Sans rentrer dans le détail de leur étude, leurs conclusions sont les suivantes :
- l'évolution lamarckienne, basée sur l'apprentissage de connaissances héritées des ancêtres, est plus rapide que l'évolution darwinienne pour atteindre un niveau d'optimisation élevé lorsque l'environnement est stable, et de plus elle conduit à une meilleure optimisation ;
- a contrario, lorsque l'environnement est instable, l'évolution darwinienne permet de s'adapter aux changements plus rapidement alors que l'évolution lamarckienne perd du temps à faire oublier ce qui a été appris avant le changement.
Mais a contrario, ce savoir est un boulet lorsque les conditions changent, dans un environnement technique qui évolue fortement, et il devient plus utile de laisser faire le hasard, c'est-à-dire tester des choses, prendre des risques, innover.
Le KM est donc idéal pour des industries matures, mais inadapté pour des industries en forte évolution. Pour la créativité, c'est le contraire.
Réconcilier experts et innovateurs
Certes, je simplifie à outrance et l'analogie précédente mérite des précautions et des commentaires. Personne ne prétend qu'il faut se passer à tout prix des experts, car il est assez rare d'être dans un environnement complètement instable, ou la vérité d'hier devient une absurdité le lendemain. Le domaine technique est généralement bien plus stable que le domaine commercial et marketing, ne serait-ce que parce que les lois de la nature ne changent pas.
Par contre, il reste pertinent de laisser une place à la créativité et à l'innovation, d'autant plus qu'une industrie est en forte évolution technique ou économique.
Alors, comment faire des experts les alliés des innovateurs ?

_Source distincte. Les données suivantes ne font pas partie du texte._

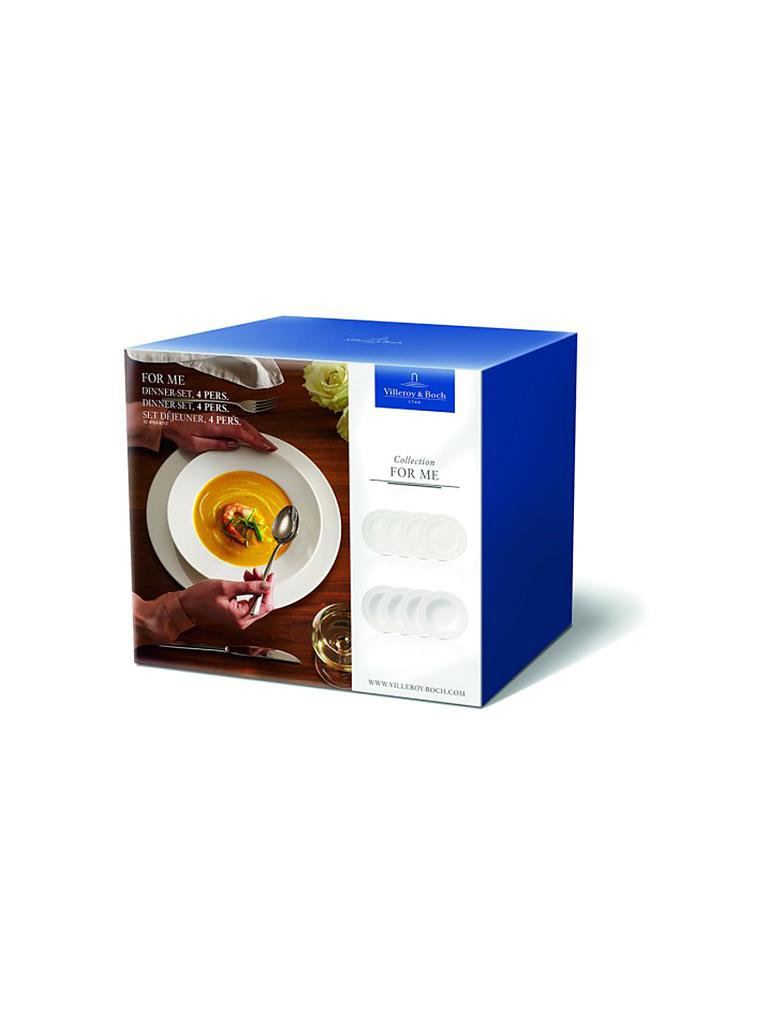 VILLEROY & BOCH | For Me Dinner-Set für 4 Personen 8-tlg. | weiß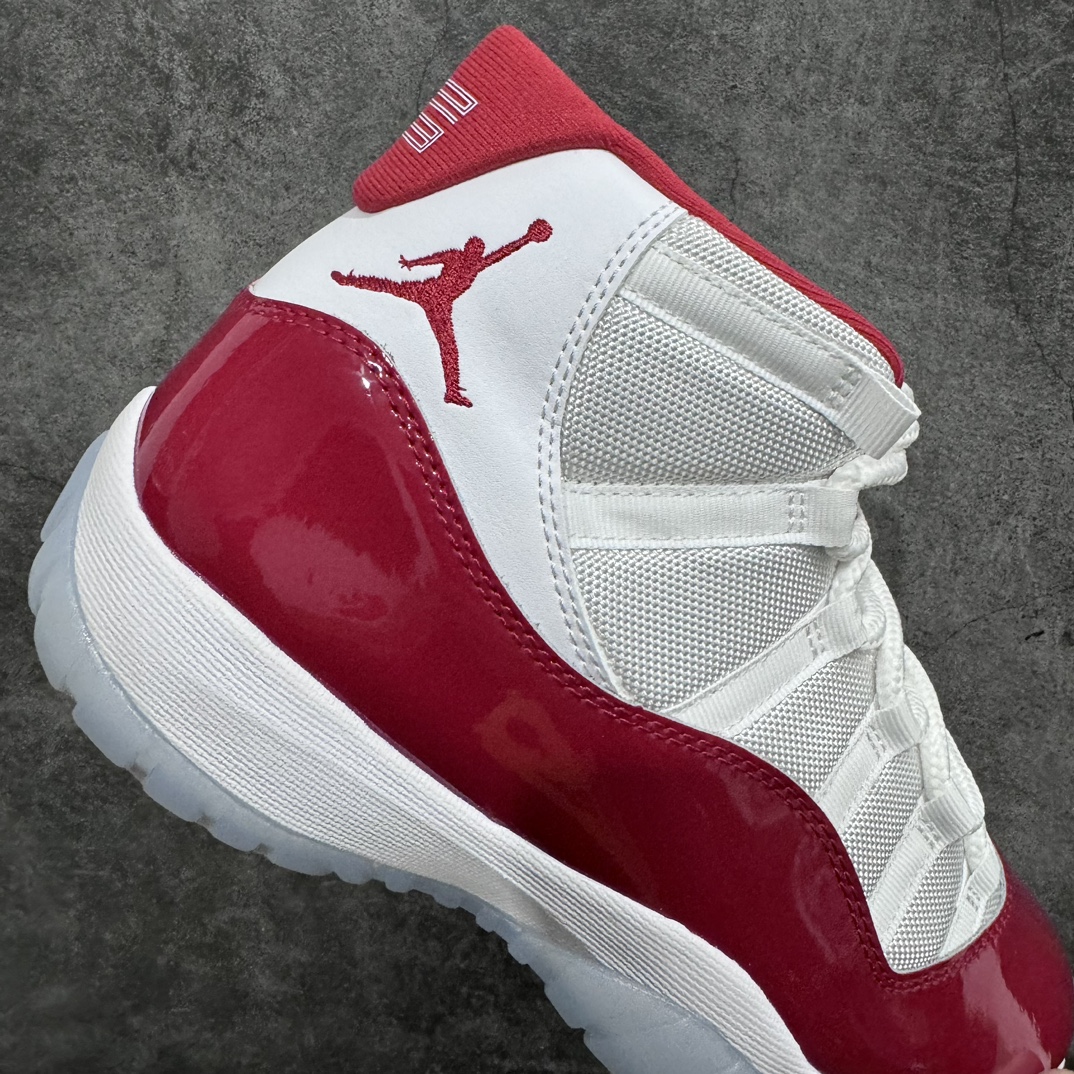 图片[7]-【Y3同源版】纯原福利供应 Air Jordan AJ11 Retro High 樱桃白红 CT8012-116 外贸特供批次 原楦原档案数据开模打造 原厂中底拉帮钢印 原厂漆皮 防冻不开裂 头层皮料 原装鞋撑 水晶大底正确色度色泽 原楦原数据刺绣 原厂车缝走线及对位 毫厘不差 飞人logo采用原数据电脑刺绣 原装正品碳纤维真实碳板 增强抗扭 原内标 原盒标 正确官方原盒 原厂防氧化水晶外底 原厂配套厂全掌solo气垫 独家尺码：40 40.5 41 42 42.5 43 44 44.5 45 45.5 46 47.5 48.5-选品中心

Il y a le bon chasseur et le mauvais chasseur, disaient les Inconnus. Il y a aussi le bon expert et le mauvais expert. Mais si je ne sais toujours pas ce qui fait un bon chasseur, le bon expert c'est celui qui, lorsqu'on lui soumet une idée, réfléchit à comment faire pour qu'elle se réalise et ne cherche pas à expliquer pourquoi cela ne marchera pas.
Et si les experts d'une entreprise ne sont pas capables de trouver une solution à un nouveau problème apparaissant lors d'un changement important de son marché, rien n'interdit à cette entreprise de s'adresser à d'autres experts d'un secteur différent. La médiation technique est là pour cela.